There is a reason why the software supply chain is a key security focus at the moment, and the vast majority of that is focussed on open-source.

Rainmaker · 7 Nov 2018 at 23:30

El Pew said:
What the hell is a distro if not the Linux kernel with a bunch of curated libraries and applications joined to it? Your argument doesn't make sense, and it isn't borne out by experience either.

Taken OpenSSL, for example. It's included in a lot of (most? all?) distros and relied upon for a lot of crypto stuff. According to your argument it should have been checked over by a whole host of security experts. But Heartbleed was a bug within it that lay undiscovered for two years.

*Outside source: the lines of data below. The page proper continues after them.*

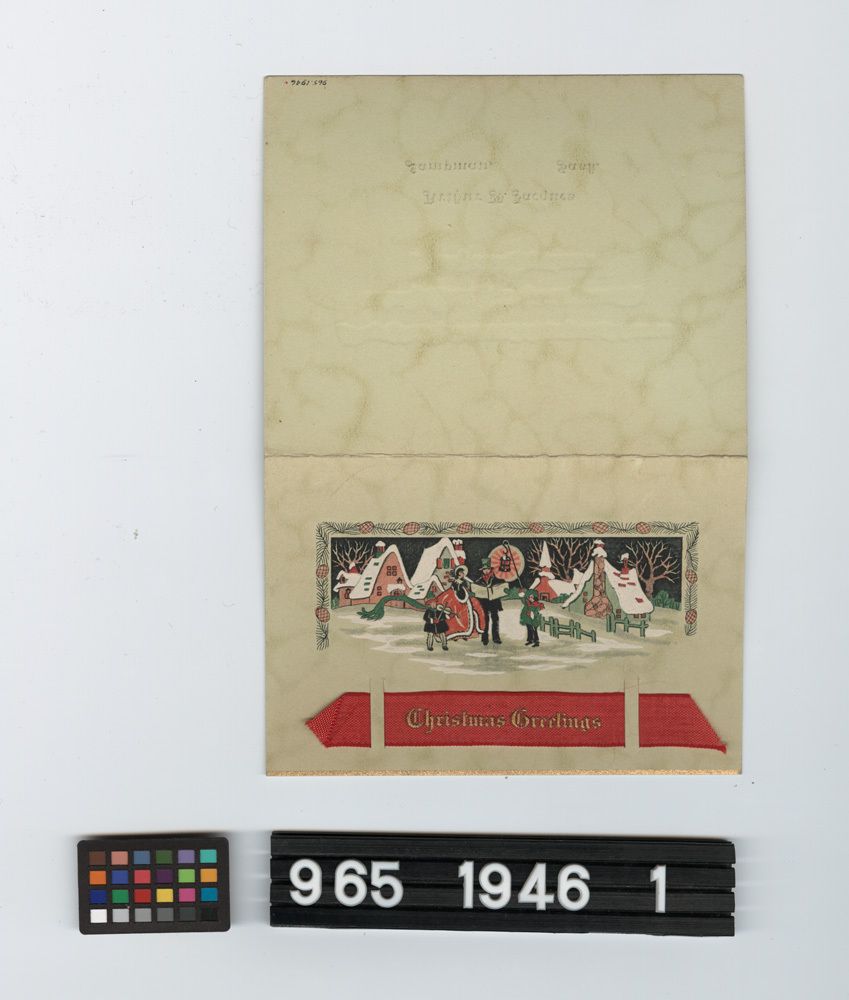 Image representing Christmas card.
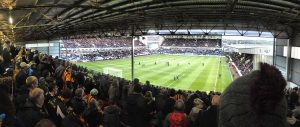 Turf Moor image from the stands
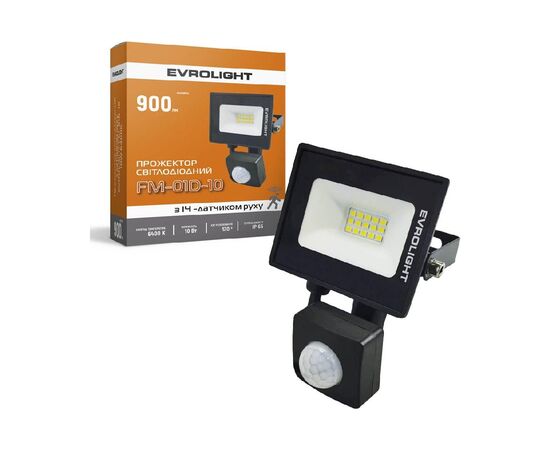 Прожектор EVROLIGHT FM-01D-10 10W 6400К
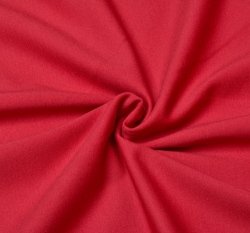 Jednobarevný viskózový úplet PUNTA ROYAL červený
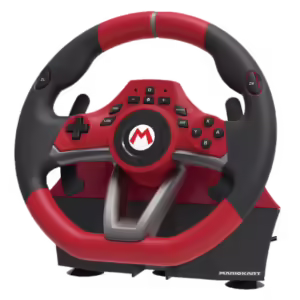 HORI Mario Kart Racing Wheel Pro Deluxe NSW-228U | Nintendo Switch In PC | USB Volan S Pedali | Gaming Volan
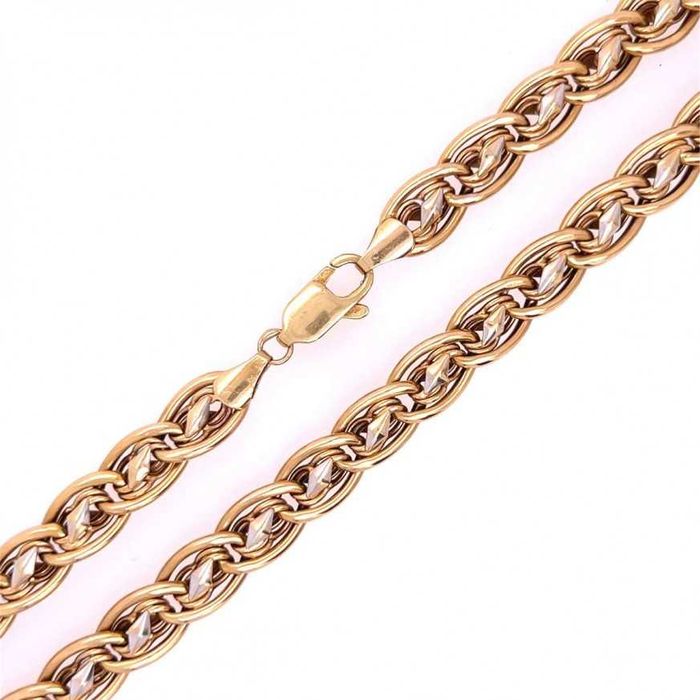 Златен синджир 22,71гр. 46,0см. 14кр. проба:585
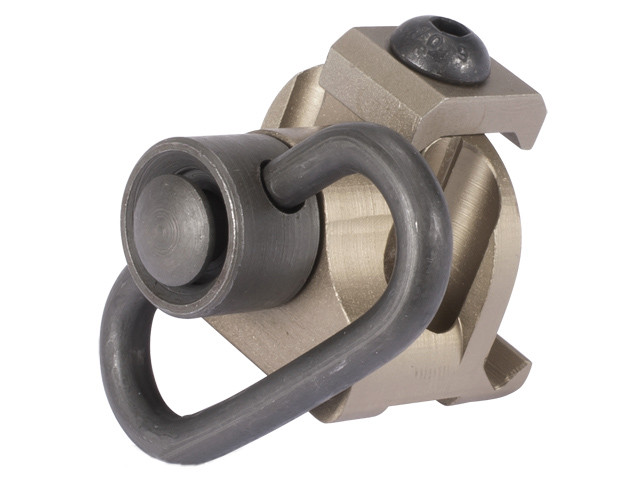 Element EX257 RIS Sling Mount w/ QD Swivel - Tan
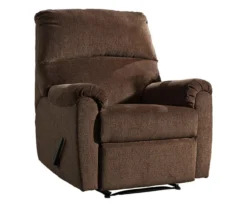 Nerviano Chocolate Zero Wall Recliner -COSCO Store 810612509 A0 2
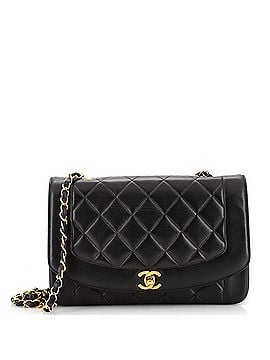 Chanel Vintage Diana Flap Bag Quilted Lambskin Medium (view 1)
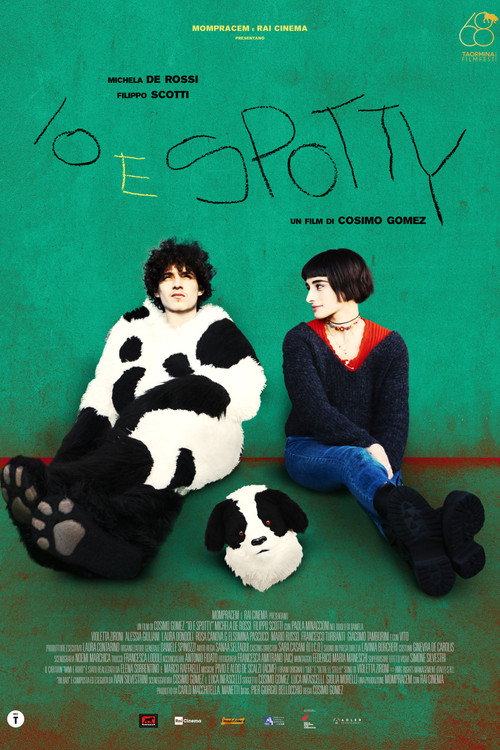 Cartel de Io e Spotty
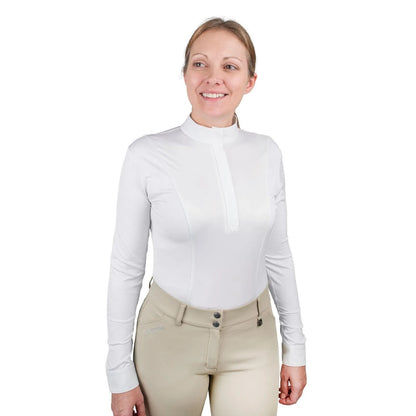 Romfh Ladies Logo Long Sleeve Show Shirt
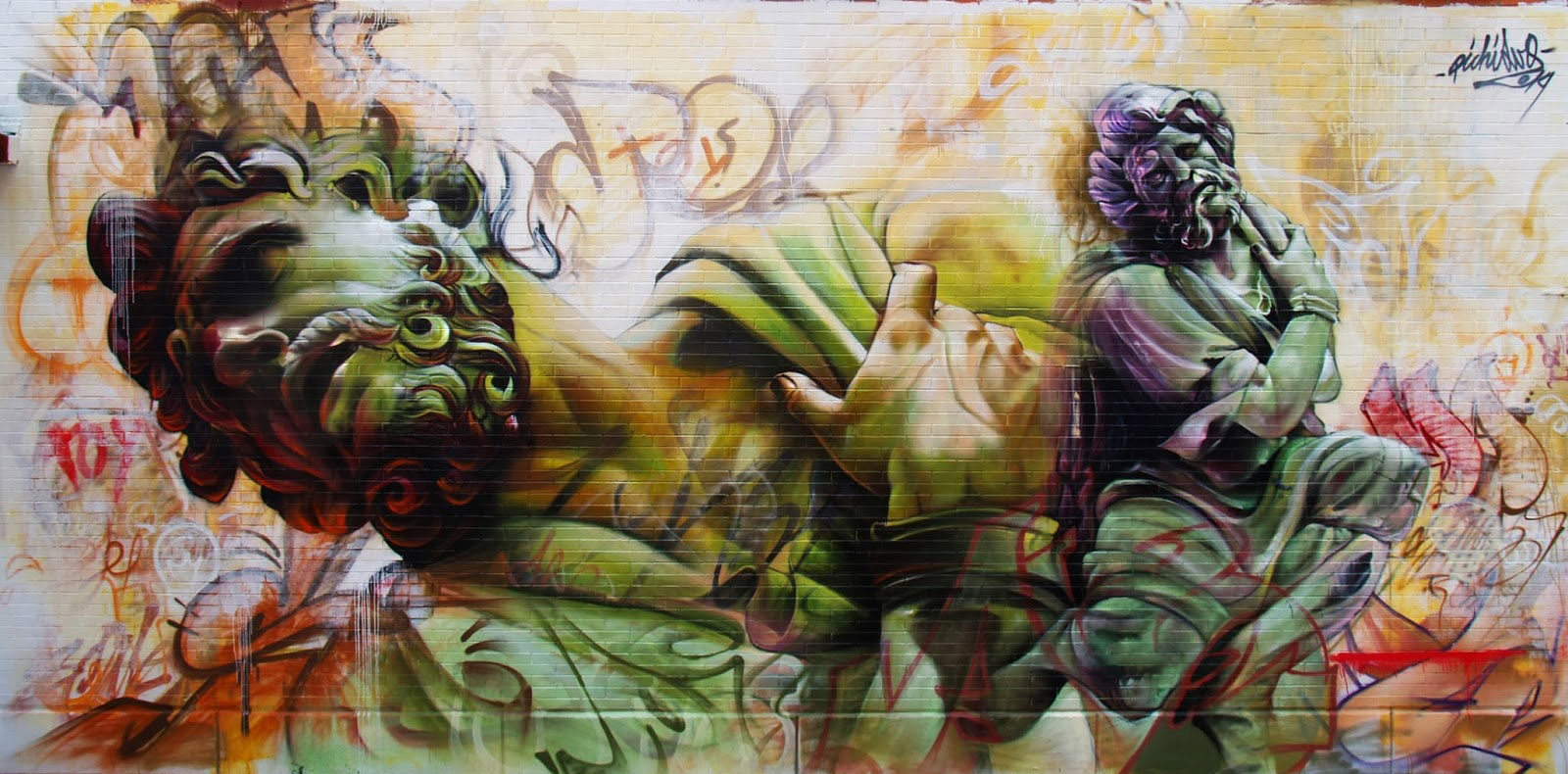 Самое крутое из мира стрит-арта за февраль 2014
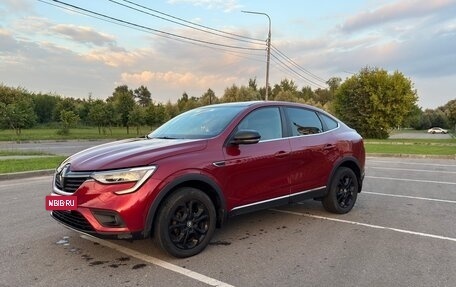 Renault Arkana I, 2021 год, 1 370 000 рублей, 5 фотография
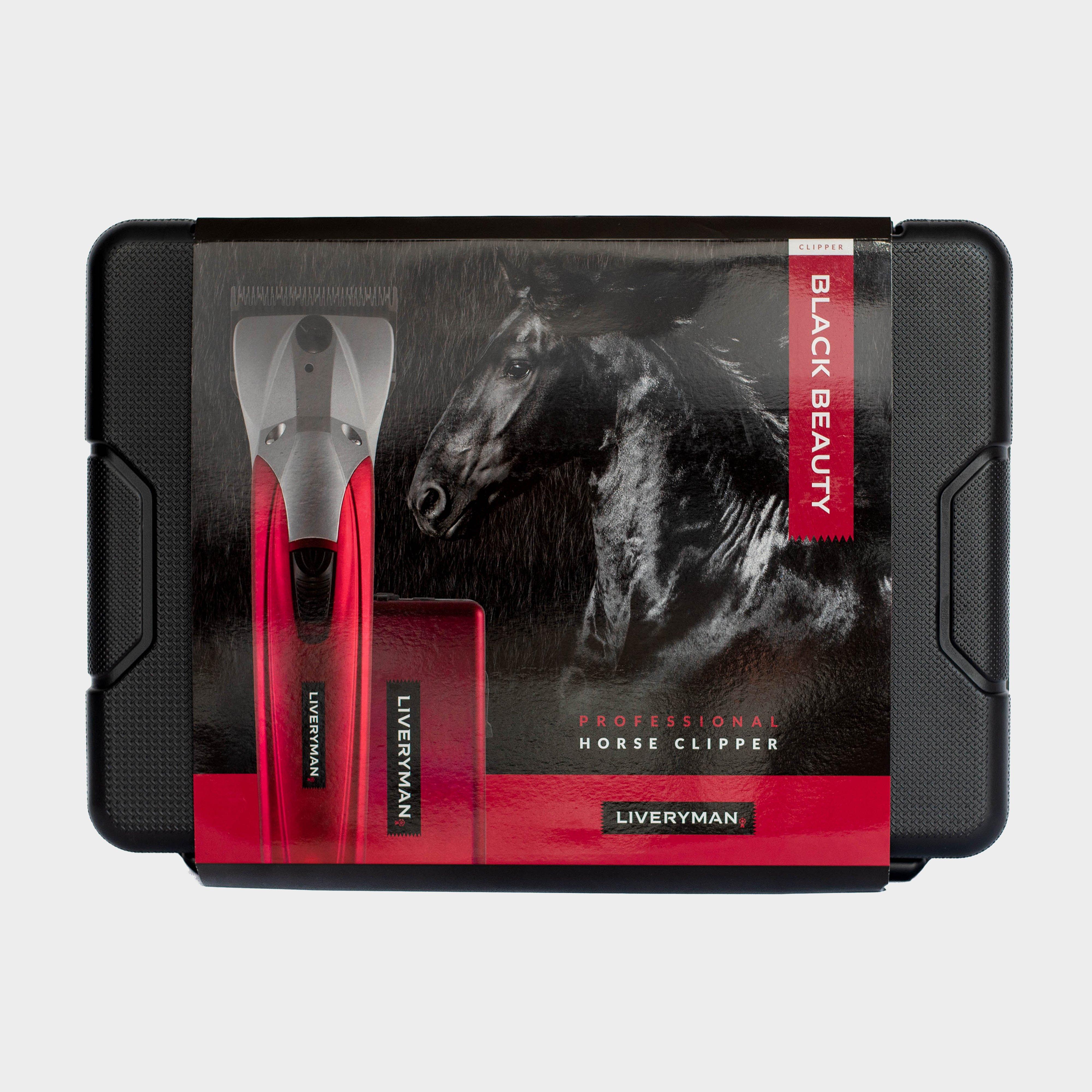 Liveryman Black Beauty Clipper, Red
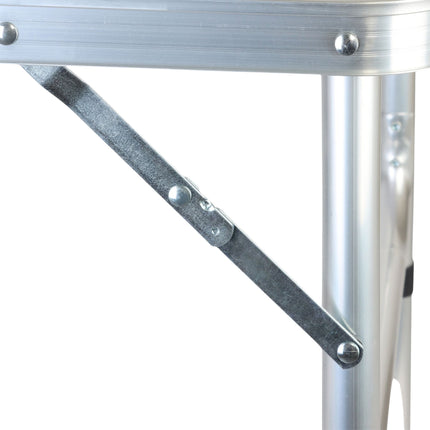 Table de camping pliante, hauteur réglable, portable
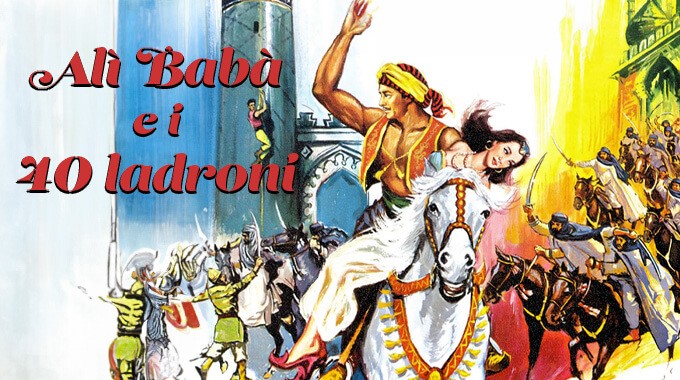 locandina Alì Babà e i 40 ladroni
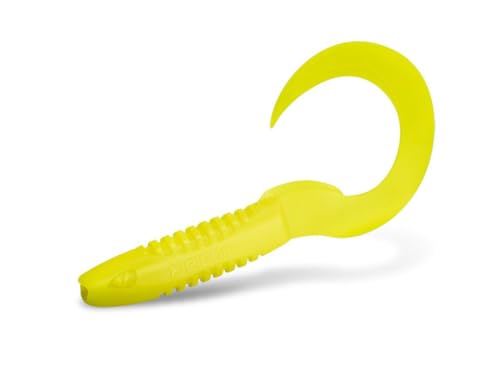 5 x 60mm Twister Yella Gummifisch Gummiköder Forelle Barsch Zander 5 x 60mm Twister Yella Gummifisch Gummiköder Forelle Barsch Zander von Delphin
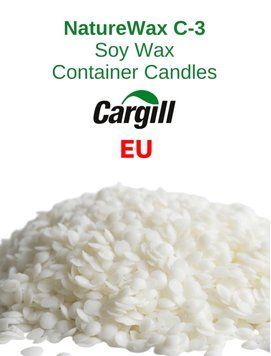 Віск соєвий EU Cargill Nature Wax C3 1кг id_1418 фото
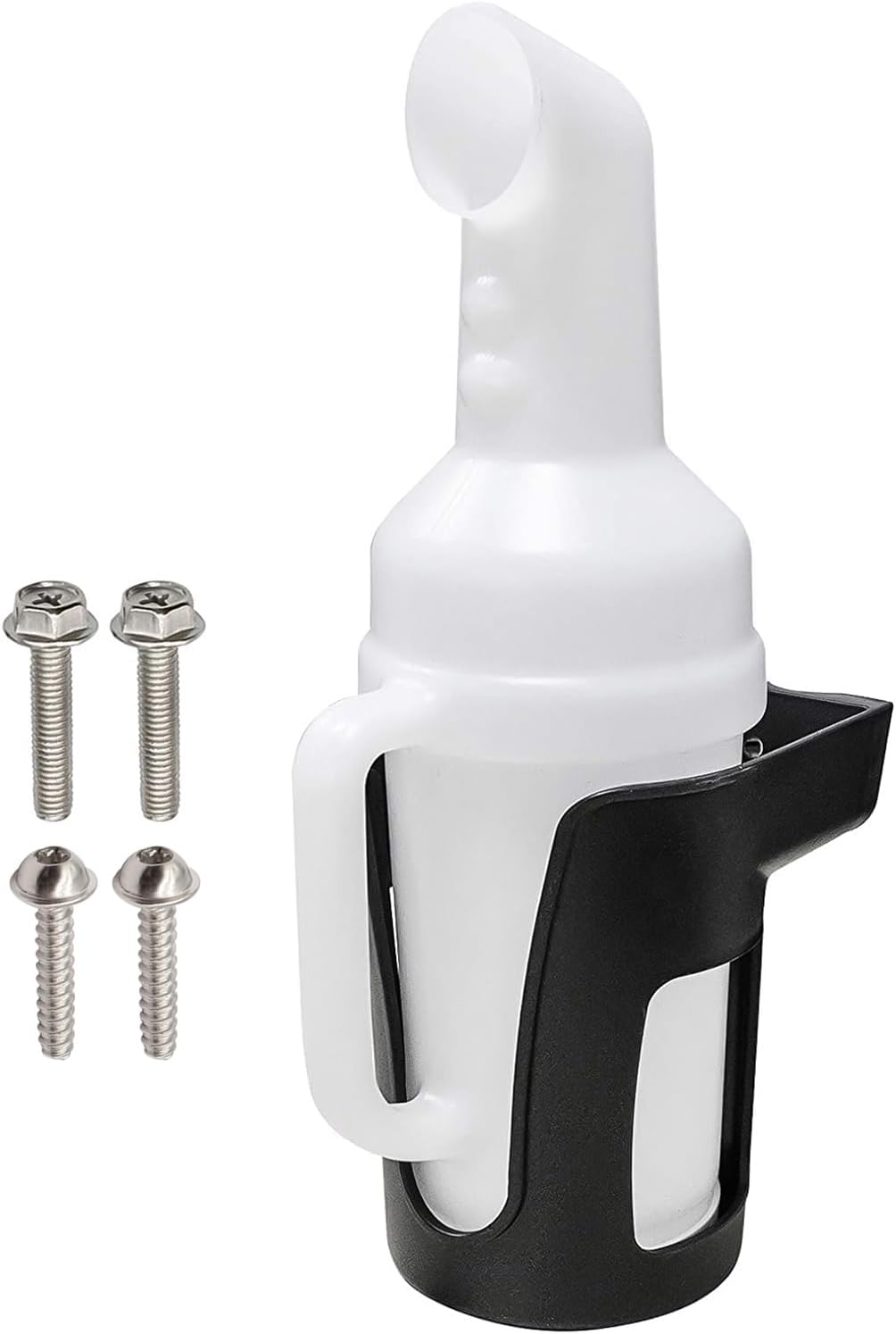 Golf Cart Sand Bottle for Club Car Precedent,Divots Filler Sand & Seed Bottle with Rattle Proof Holder 1 PC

Luckily it wasn't a 0-day but the downstream effects were massive.

That's not to mention that open source means that attackers can submit code as well - there's been a huge increase in malicious code being introduced into open-source software simply by bad guys submitting it, and open-source teams failing to spot the issues.

There is a reason why the software supply chain is a key security focus at the moment, and the vast majority of that is focussed on open-source.

I have to say I agree with you. Just because there could be eyes on the code, it unfortunately doesn't mean that there are. Heartbleed is but one example. As an Arch user (amongst other things), I've noticed more noises about malware being submitted to AUR lately.

h4rm0ny · 11 Nov 2018 at 09:11

Whether or not someone reviews a given piece of code, if it's Open Source that is a plus-point for guarding against State-level subversion. They might get something in there, but it has to be covert and look "accidental", like a certain encryption algorithm the NSA "assisted" RSA Security with. As opposed to Closed Source where you just have a line saying "If NSA == true { … }". Frankly, the "thousand eyes" argument some people use to say GNU/Linux must have fewer vulnerabilities than Windows is proven nonsense. But in this one regard (and it's an important regard for many), Open Source DOES have an advantage.

As to the argument going on here, the information from the UK site can be both valid and hypocritical at the same time. You don't have to fight.